Using Historical Observations

Storage-outflow relationships can also be determined using historical observations of flow and stage. Observed water surface profiles, obtained from high water marks, can be used to define the required storage-outflow relationships, in much the same manner that computed water-surface profiles are used. Each observed discharge-elevation pair provides information for establishing a point of the relationship. Sufficient stage data over a range of floods is required to establish the storage-outflow relationship in this manner. If only a limited set of observations is available, these values may be better suited to calibrate a water-surface profile-model for the channel reach of interest. Then the calibrated model can be used to establish the storage-outflow relationship as described above.

Trial and Error

Finally, storage-outflow relationships can be calibrated using observed inflow and outflow hydrographs for the reach of interest. Observed inflow and outflow hydrographs can be used to compute channel storage by an inverse process of flood routing. When both inflow and outflow are known, the change in storage can be computed using Equation 3. Then, the storage-outflow function can be developed empirically. Note that tributary inflow, if any, must also be accounted for in this calculation. Inflow and outflow hydrographs also can be used to find the storage-outflow function by trial-and-error. In that case, a candidate function is defined and used to route the inflow hydrograph. The computed outflow hydrograph is compared with the observed hydrograph. If the match is not adequate, the function is adjusted, and the process is repeated.
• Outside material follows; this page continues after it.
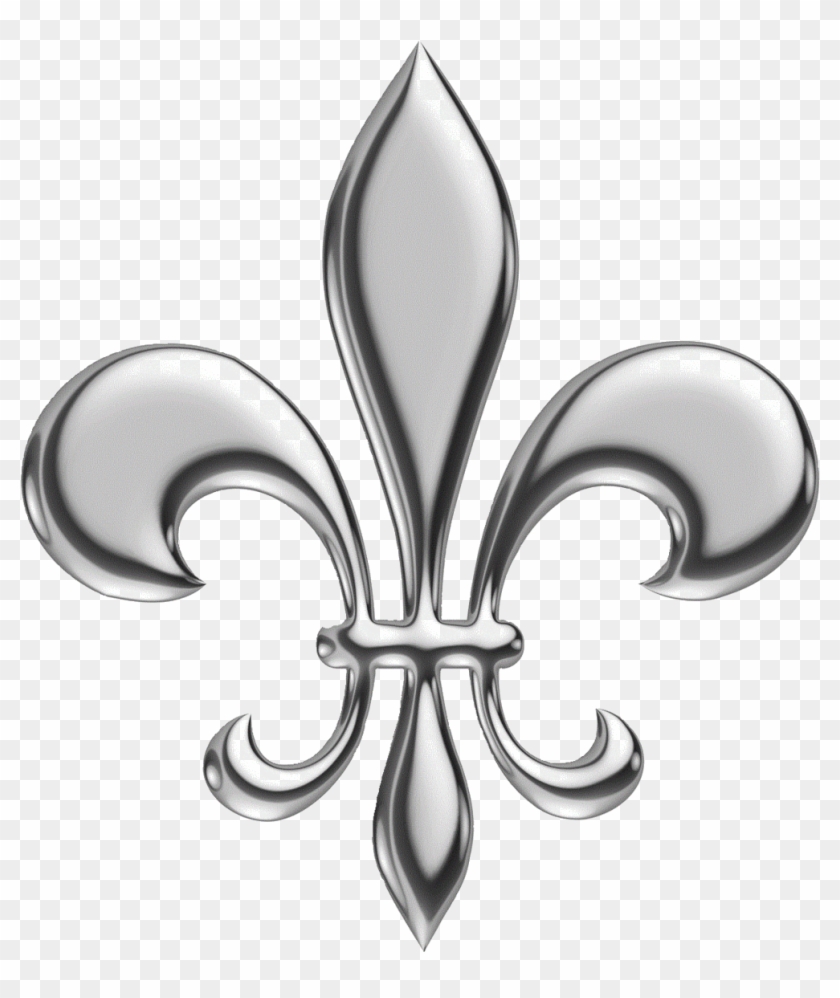 Fleur De Lys Png - Fleur De Lis Metallic Clipart #4985405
Estimating Other Model Parameters

The Kinematic Wave Transform Model section of this manual describes how an accurate solution of the finite difference form of the kinematic wave model requires careful selection of $\begin{array}{l}\Delta x\end{array}$ and $\begin{array}{l}\Delta t\end{array}$ ; this is also true for solution of the storage-routing model equations. For the kinematic wave model, an accurate solution can be found with a stable algorithm when $\begin{array}{l}\Delta x/\Delta t \approx c\end{array}$ , where c = average wave speed over a distance increment $\begin{array}{l}\Delta x\end{array}$ . This rule also applies with storage routing. As implemented in the program, $\begin{array}{l}\Delta x\end{array}$ for the finite difference approximation of $\begin{array}{l}\partial Q/\partial x\end{array}$ is implicitly equal to the channel reach length, L, divided by an integer number of steps. The goal is to select the number of steps so that the travel time through the reach is approximately equal the time step $\begin{array}{l}\Delta t\end{array}$ . This is given approximately by:

4)	$\begin{array}{l}\displaystyle \text {steps}=\frac{L}{c \Delta t}\end{array}$

The number of steps affects the computed attenuation of the hydrograph. As the number of routing steps increases, the amount of attenuation decreases. The maximum attenuation corresponds to one step; this is used commonly for routing though ponds, lakes, wide, flat floodplains, and channels in which the flow is heavily controlled by downstream conditions. Strelkoff (1980) suggests that for locally-controlled flow, typical of steeper channels:

5)	$\begin{array}{l}\displaystyle \text {steps}=2 L \frac{S_{0}}{y_{0}}\end{array}$

where y_o = normal depth associated with baseflow in the channel. Engineer Manual 1110-2-1417 Flood-Runoff Analysis (U.S. Army Corps of Engineers, 1994) indicates that this parameter, however, is best determined by calibration, using observed inflow and outflow hydrographs.